All we know is that 2017 brings much uncertainty
The year is finally over. We can all breathe a sigh of relief and look forward, can’t we? Remember how we entered 2016, almost certain that by the end of it we would have voted to stay in the EU and that we would be considering what a Clinton presidency would bring.
Now we turn into 2017 in a state of major uncertainty at home and abroad. We don’t even have an Olympics or major football tournament to distract us.
Forecasting is a very difficult skill (or dark art) at the best of times so I have a lot of sympathy for the forecasters that are trying put a figure to how the economy will perform in this coming year.
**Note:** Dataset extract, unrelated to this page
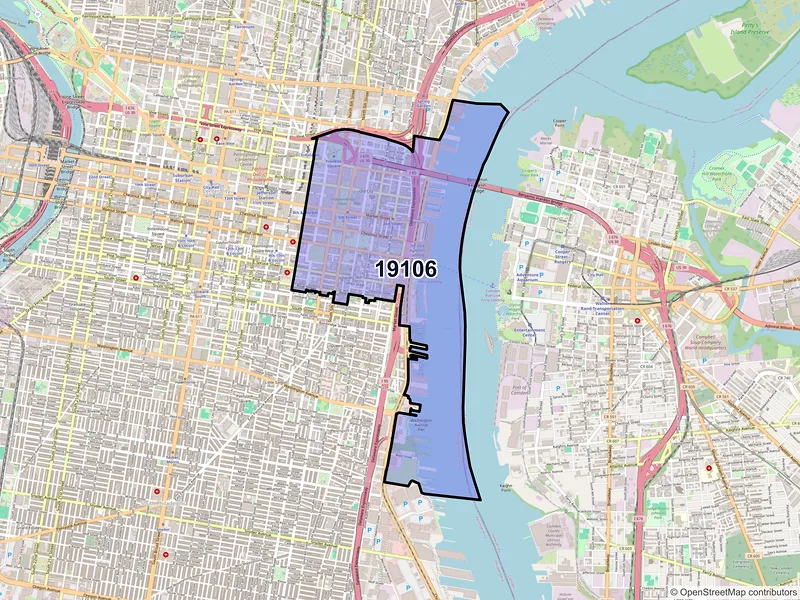 Map of ZIP Code 19106 — Philadelphia, PA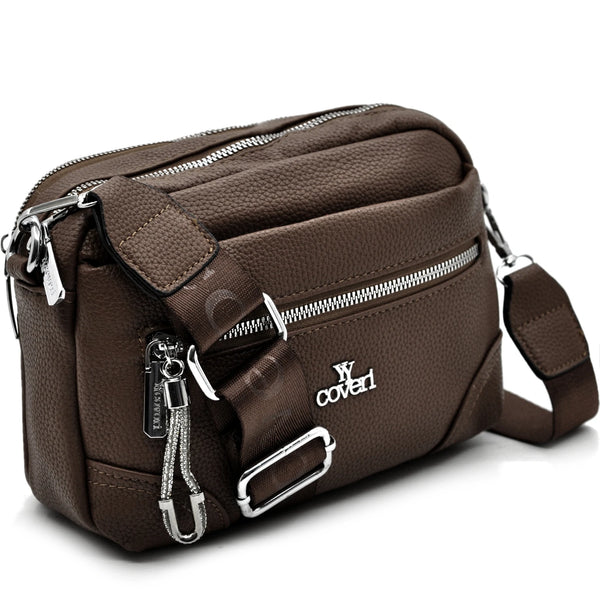 YYcoveri Borsa firmata a mano e tracolla borsetta con molte chiusure con zip simil pelle martellata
There is a consensus emerging that Northern Ireland will avoid a recession.
So what lies ahead?
A tough budget
One of the earliest tasks in 2017 will be for Finance Minister Mairtin O Muilleoir to present a budget to the Assembly. This is an unenviable task, made all the more difficult by the Renewable Heat Incentive scandal that dominated political discourse here for towards the end of 2016. There are some crucial decisions that need to made, and funding found, if Northern Ireland is to realise any economic growth ambitions. Take the York Street Interchange. Belfast, which don’t forget drives the whole NI economy, has highly ambitious aims for what it would like to achieve by 2035. I can’t think of any successful outcome for the city that doesn’t include implementing the preferred option at York Street.
An education crisis? Sticking with the budget
We all tend to agree about the importance of a quality education for societal and economic gain. Ask any MLA what marks Northern Ireland out as an attractive place to invest and they will tell you that it is the quality of our schools and skills pipeline. Really? So why are we facing a situation where more than half our schools will be running a deficit? In figures placed in the NI Assembly library just before Christmas, the Education Minister outlined the projections for school surplus/deficit. As it stands, one third of our schools are in deficit positions. The total deficit of these schools is £34m. This is projected to increase to £77m across 573 schools by 2019. What quality of education can we afford?
From planning to delivery
The recent spate of elections has prompted the development of a swathe of policy documents and strategies. Local councils have been consulting on their community plans, Stormont has a new Programme for Government, and a refreshed Economic Strategy is imminent. It is good to plan but 2017 has to mark a shift in emphasis from planning to delivery.
Cost of living pressures
The Bank of England is firmly of the view that inflation will tick up in 2017. The extent to which inflation takes hold and impacts on consumer confidence is important to monitor. While consumers were remarkably resilient in 2016 some recent indicators, such as NI car sales data, suggest consumers are taking a more cautious view into 2017. Inflation moves may also start to see more demands for pay rises in 2017. Pay restraint has been a strong feature of the job market in recent years but there were signs in 2016 that wages are starting to increase again. We may start to see more industrial action over pay this coming year?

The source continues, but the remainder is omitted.